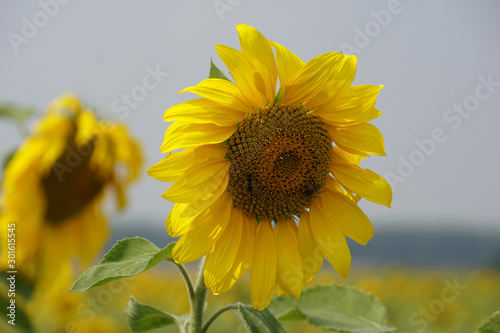 Bright sunflower in the field.   Summer   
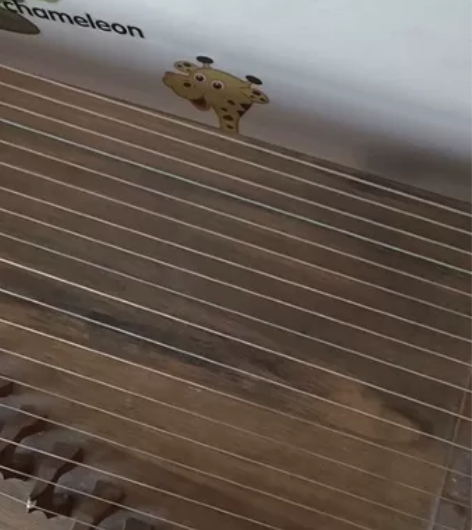 300转让古筝，送调音器，自提 感兴趣的话...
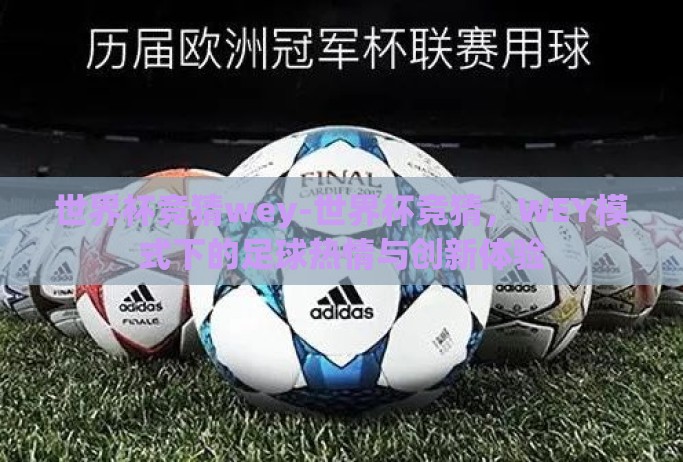 世界杯竞猜wey-世界杯竞猜,WEY模式下的足球热情与创新体验 世界杯竞猜wey-世界杯竞猜,WEY模式下的足球热情与创新体验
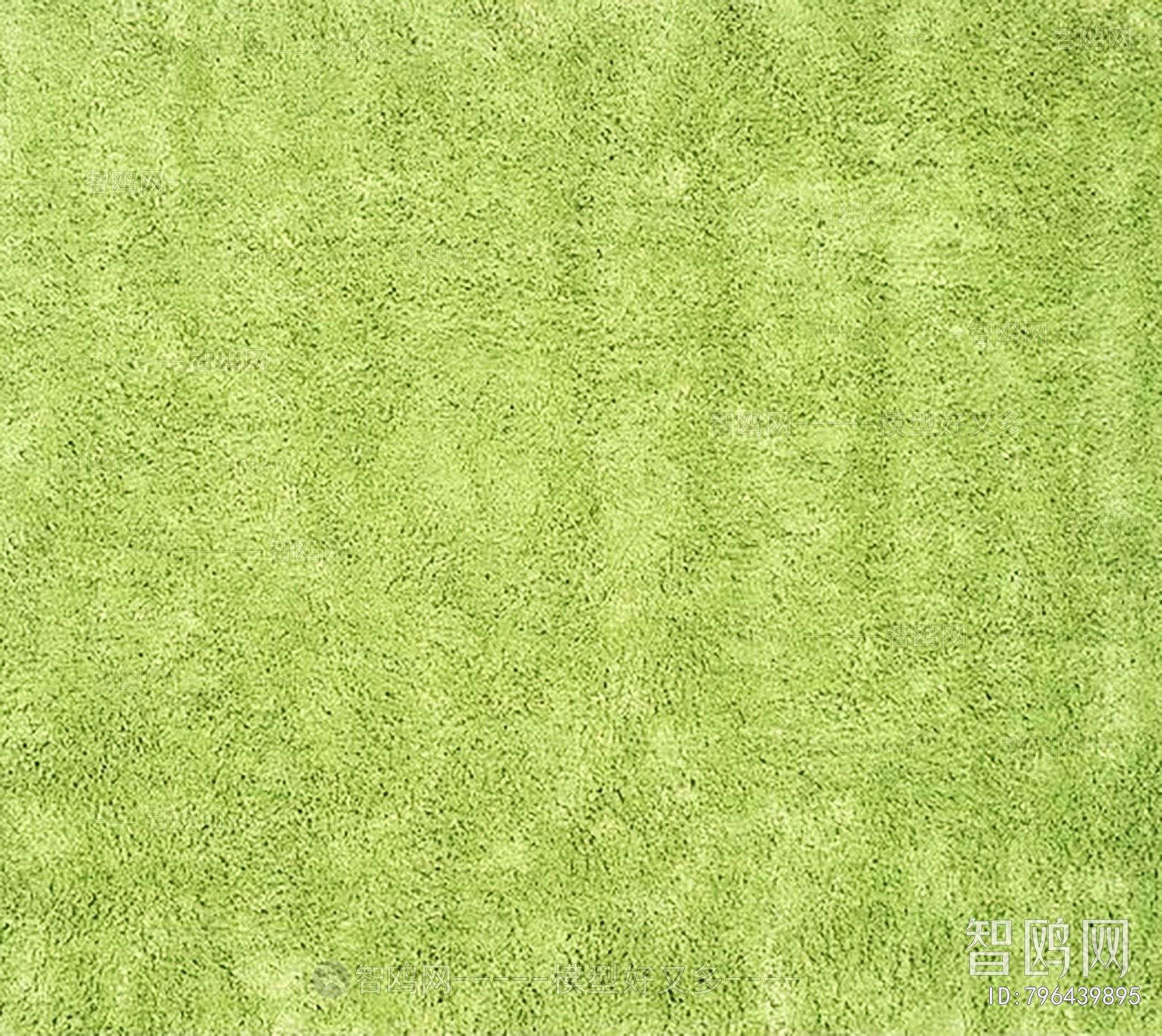 Grass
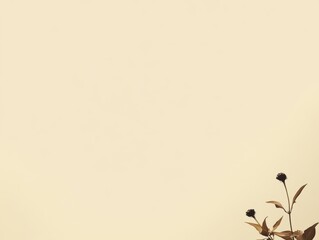 Fototapeta premium Soft Beige Background with Subtle Calming Tone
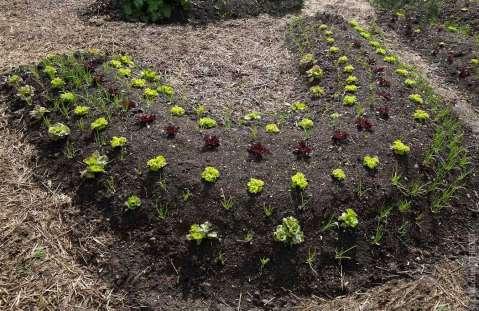 Permanent raised beds Practiced for centuries: it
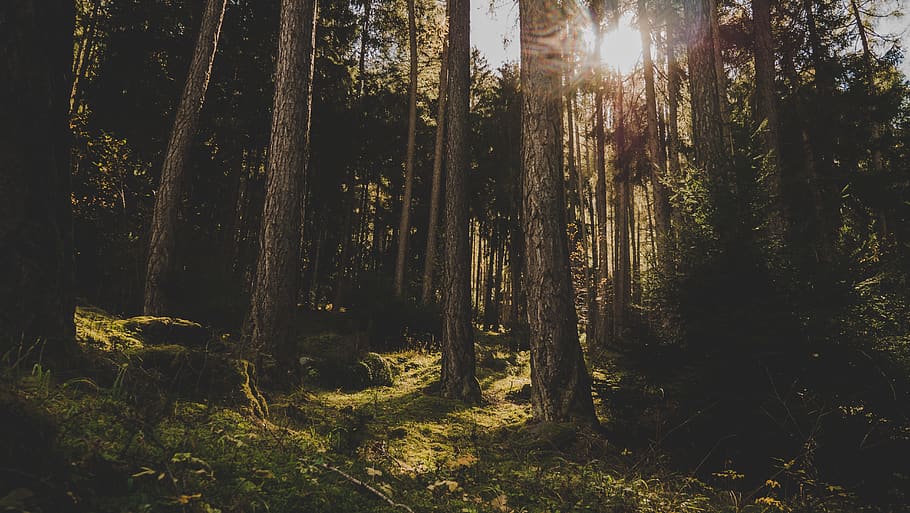 Trees, daylight, environment, forest, nature, scenic, woods, plant HD wallpaper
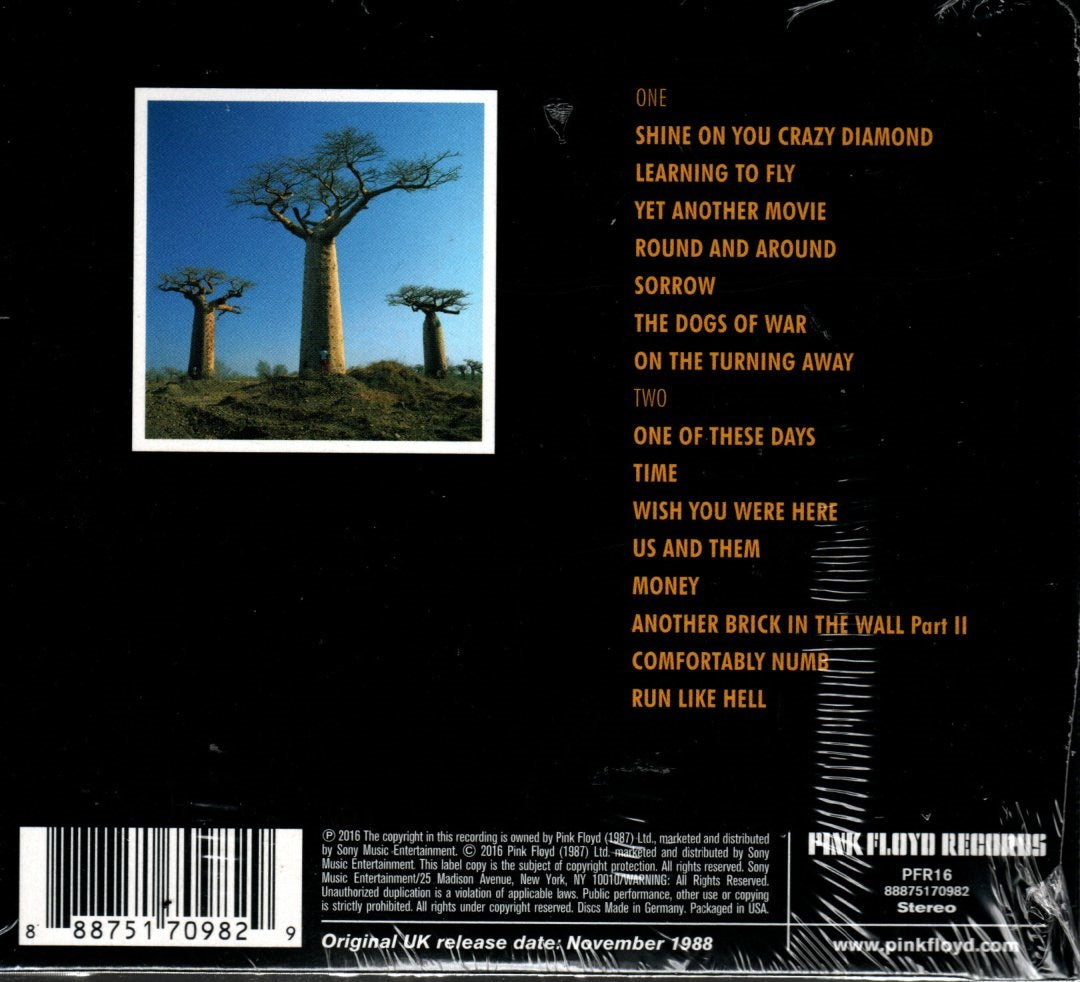 CD X2 Pink Floyd - Delicate Sound Of Thunder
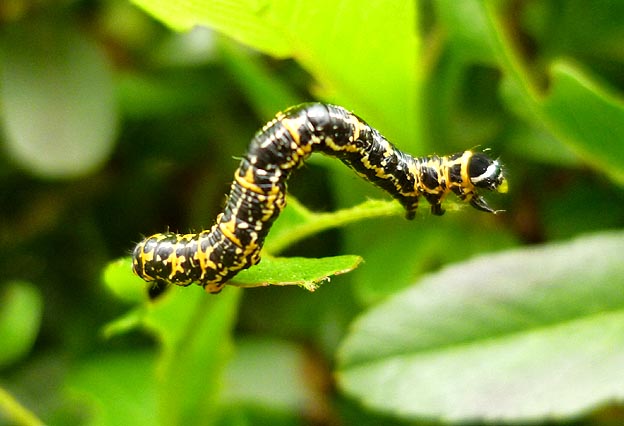 春のウメエダシャクの幼虫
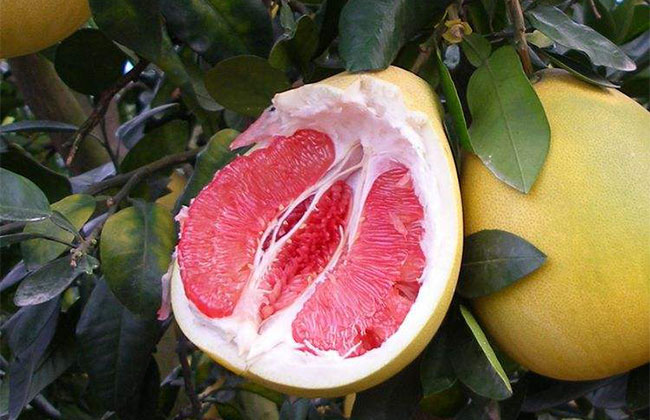 红心蜜柚苗多少钱一棵?红心蜜柚苗适合什么时候种植?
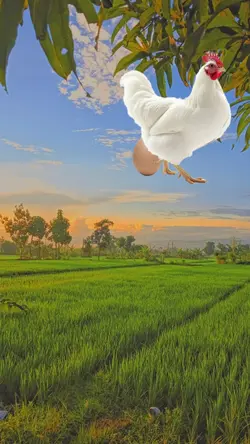 funny happy birthday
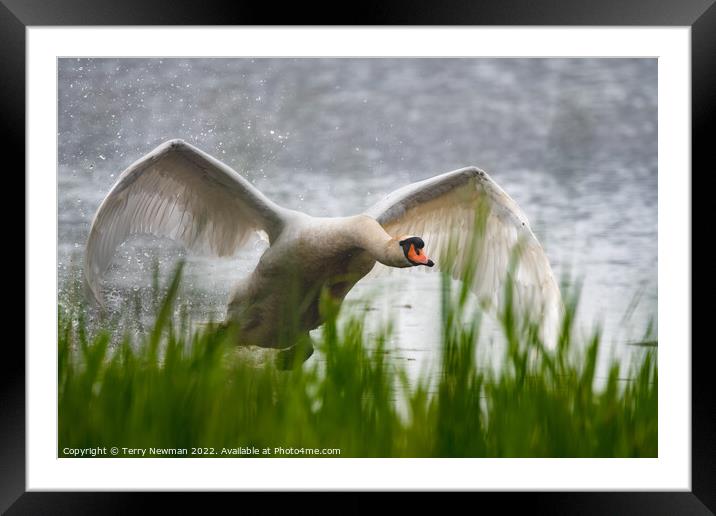 Majestic Swan Soaring Framed Mounted Print by Terry Newman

### What you have to do
Leave the pictures out. Extract exactly the lines running from the one with "300转让古筝，送调音器，自提 感兴趣的话..." through the last entry, both ends included.

### Response box
 300转让古筝，送调音器，自提 感兴趣的话...
 世界杯竞猜wey-世界杯竞猜,WEY模式下的足球热情与创新体验 世界杯竞猜wey-世界杯竞猜,WEY模式下的足球热情与创新体验
 Grass
 Fototapeta premium Soft Beige Background with Subtle Calming Tone
 Permanent raised beds Practiced for centuries: it
 Trees, daylight, environment, forest, nature, scenic, woods, plant HD wallpaper
 CD X2 Pink Floyd - Delicate Sound Of Thunder
 春のウメエダシャクの幼虫
 红心蜜柚苗多少钱一棵?红心蜜柚苗适合什么时候种植?
 funny happy birthday
 Majestic Swan Soaring Framed Mounted Print by Terry Newman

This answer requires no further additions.